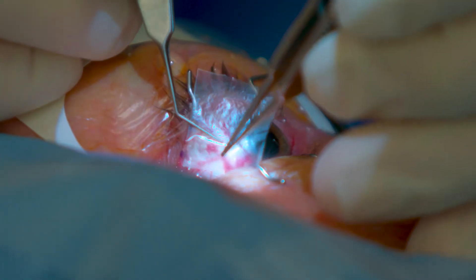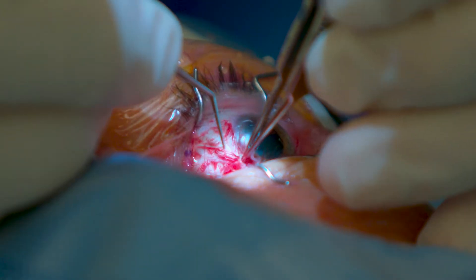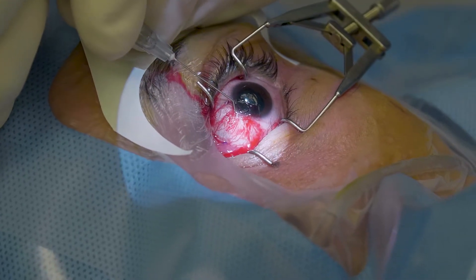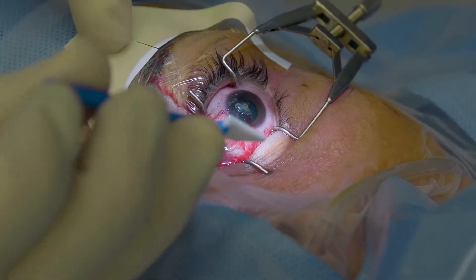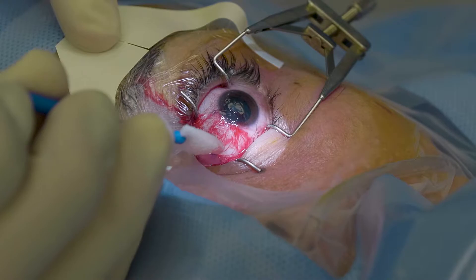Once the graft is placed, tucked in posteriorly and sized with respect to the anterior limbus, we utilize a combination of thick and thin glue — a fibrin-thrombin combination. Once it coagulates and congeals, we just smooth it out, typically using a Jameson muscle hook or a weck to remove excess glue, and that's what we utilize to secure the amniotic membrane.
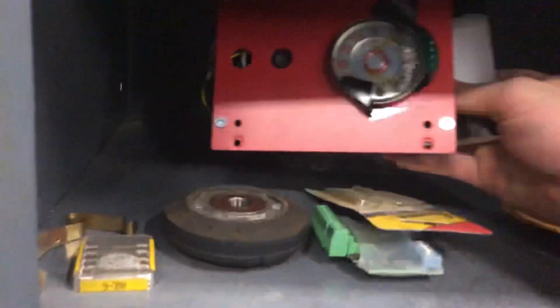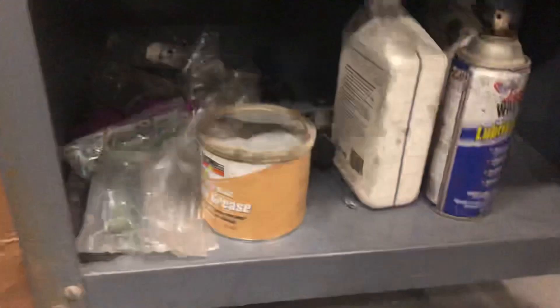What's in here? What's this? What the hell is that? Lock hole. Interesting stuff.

--

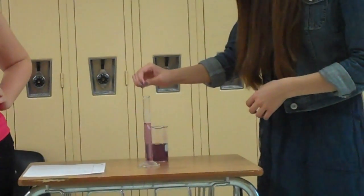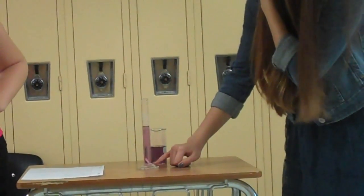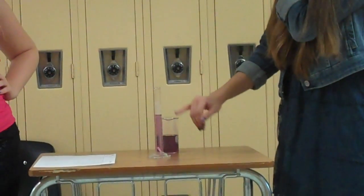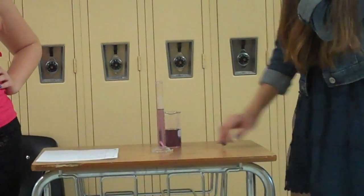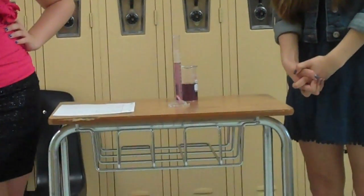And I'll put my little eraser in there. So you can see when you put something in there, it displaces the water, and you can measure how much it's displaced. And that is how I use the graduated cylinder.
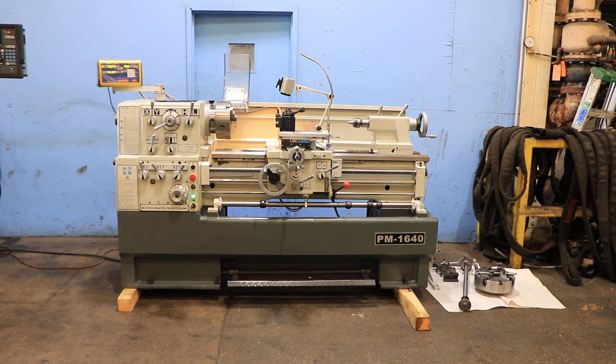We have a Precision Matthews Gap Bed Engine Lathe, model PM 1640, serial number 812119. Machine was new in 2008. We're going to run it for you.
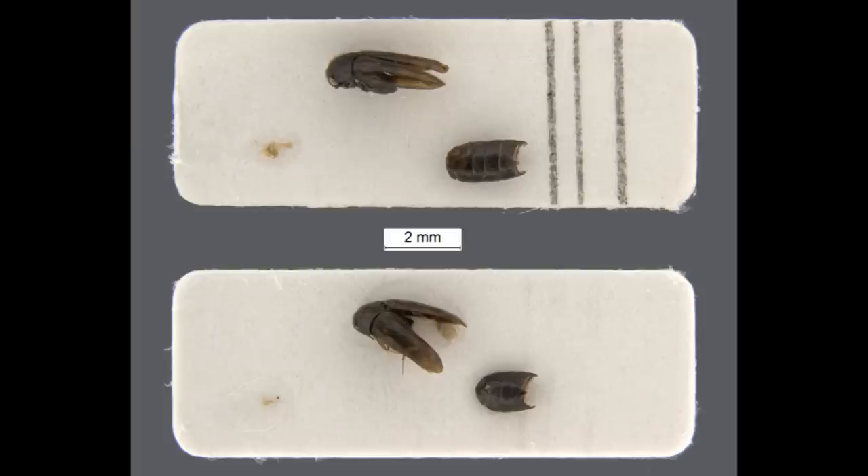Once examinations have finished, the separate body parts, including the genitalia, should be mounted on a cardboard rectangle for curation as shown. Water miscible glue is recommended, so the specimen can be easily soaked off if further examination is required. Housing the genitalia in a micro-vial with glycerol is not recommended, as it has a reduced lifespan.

Task directions> Each line above from the one containing "And I'll put" through the one containing "Once examinations have" is to be returned verbatim. Nothing else, and no pictures.

Response to the task>
And I'll put my little eraser in there. So you can see when you put something in there, it displaces the water, and you can measure how much it's displaced. And that is how I use the graduated cylinder.
We have a Precision Matthews Gap Bed Engine Lathe, model PM 1640, serial number 812119. Machine was new in 2008. We're going to run it for you.
Once examinations have finished, the separate body parts, including the genitalia, should be mounted on a cardboard rectangle for curation as shown. Water miscible glue is recommended, so the specimen can be easily soaked off if further examination is required. Housing the genitalia in a micro-vial with glycerol is not recommended, as it has a reduced lifespan.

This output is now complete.